Bangkok Post | 24 May 2006
STALLED FTA TALKS LEGAL PROBLEM
US won’t negotiate with caretaker govt
The United States is ready to resume negotiations on a free trade agreement (FTA) with Thailand when the political situation here is clearer, US ambassador Ralph Boyce said yesterday. He said the US has not lost interest in an FTA with Thailand, but Washington cannot negotiate a deal with a caretaker government, Mr Boyce said in an interview.
’’There’s a legal problem,’’ he said. The ambassador was responding to caretaker Deputy Prime Minister Somkid Jatusripitak’s call to resume the stalled talks.

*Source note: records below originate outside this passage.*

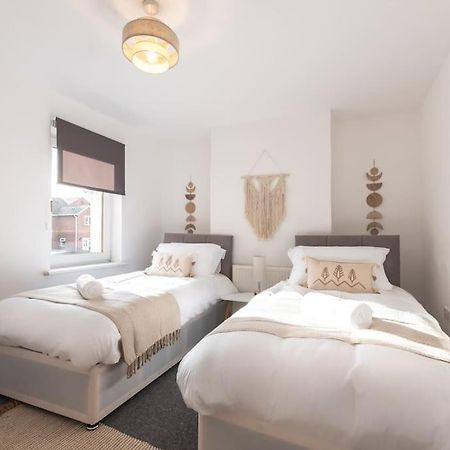 Beautiful 4 Bedroom House Reading Exterior photo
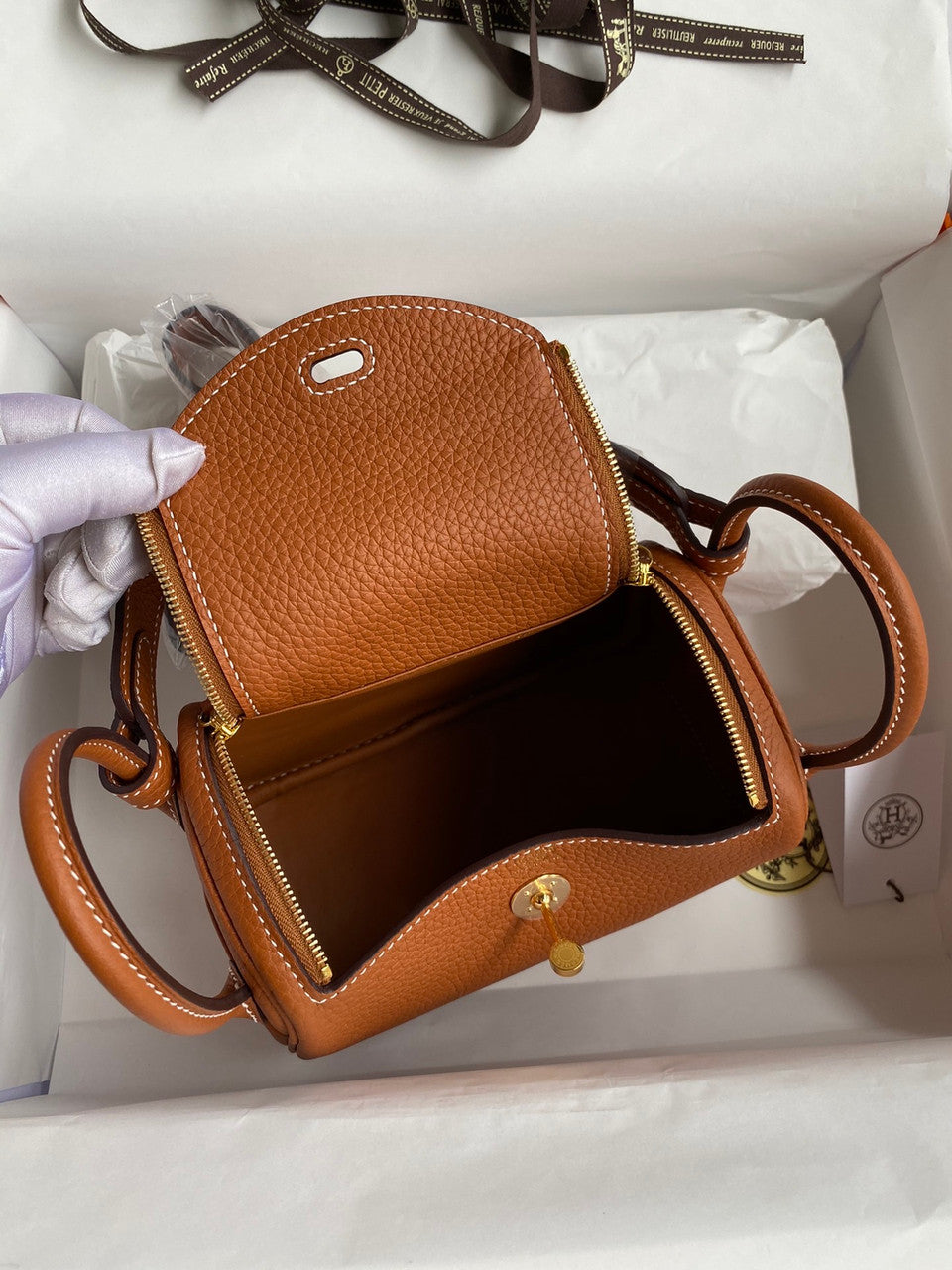 Hermes Mini Lindy 20cm Bag Gold Togo Leather Gold Hardware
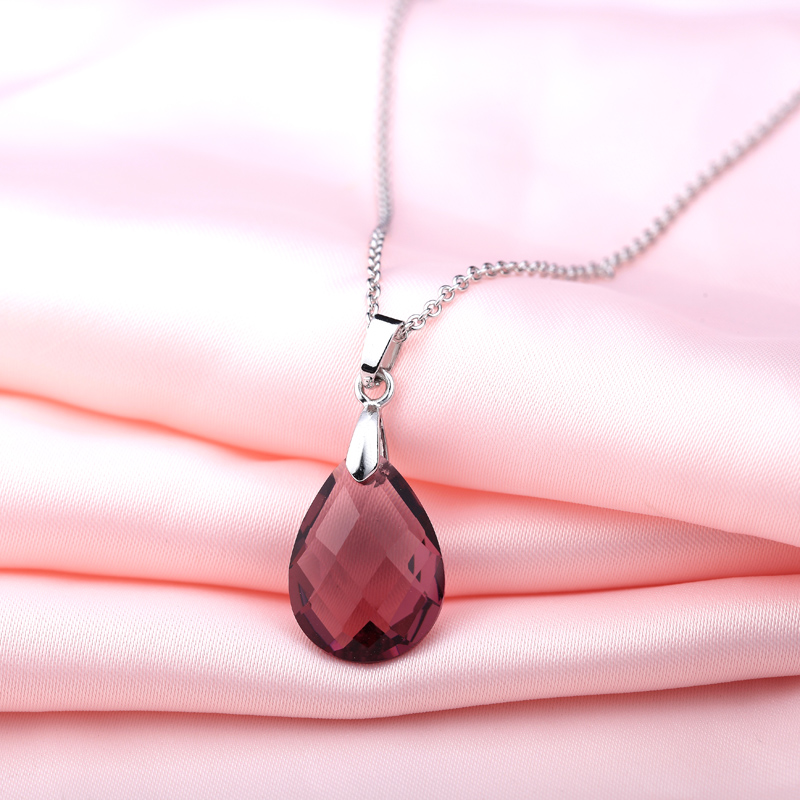 4The Rainbow Pendant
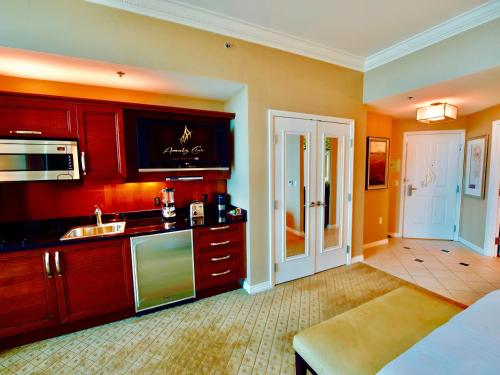 Amalz Deluxe Suites at Mgm Signature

’’We are willing to pursue [the talks] if the two sides agree, in whatever form — whether to proceed on the current structure... or in other forms. The US is open to that,’’ the ambassador said. He said Washington wants to push ahead with FTA talks despite a congressional election campaign in the US this year and the Trade Promotion Authority Act coming up for renewal next year.
Mr Boyce said Mr Somkid, who is also commerce minister, had a solid knowledge of the talks, but the US is still waiting to see who will lead them and how they will be re-structured.
Washington has indicated the trade pact is not likely to be concluded this year, as was hoped after the Chiang Mai talks last January, but Washington was not contemplating giving up, he said.
Deputy US Trade Representative Karan Bhatia, before leaving for a trip to Taiwan, India and Vietnam yesterday, said he was awaiting formal communications from the Thai side.
Mr Somkid early last month instructed Permanent Secretary for Commerce Karun Kittisataporn, who headed the Thai negotiation team, to suspend discussions with US officials until a new Thai government is formed. But he has asked for a review of the talks in light of caretaker Prime Minister Thaksin Shinawatra’s recent return to office after a 50-day leave.
Ex-senators and civic groups are to submit a petition to the parliamentary ombudsman today asking the Constitution Court to rule on whether the Thaksin government violated the charter’s article 224 by failing to consult parliament before going ahead with FTA talks with the US.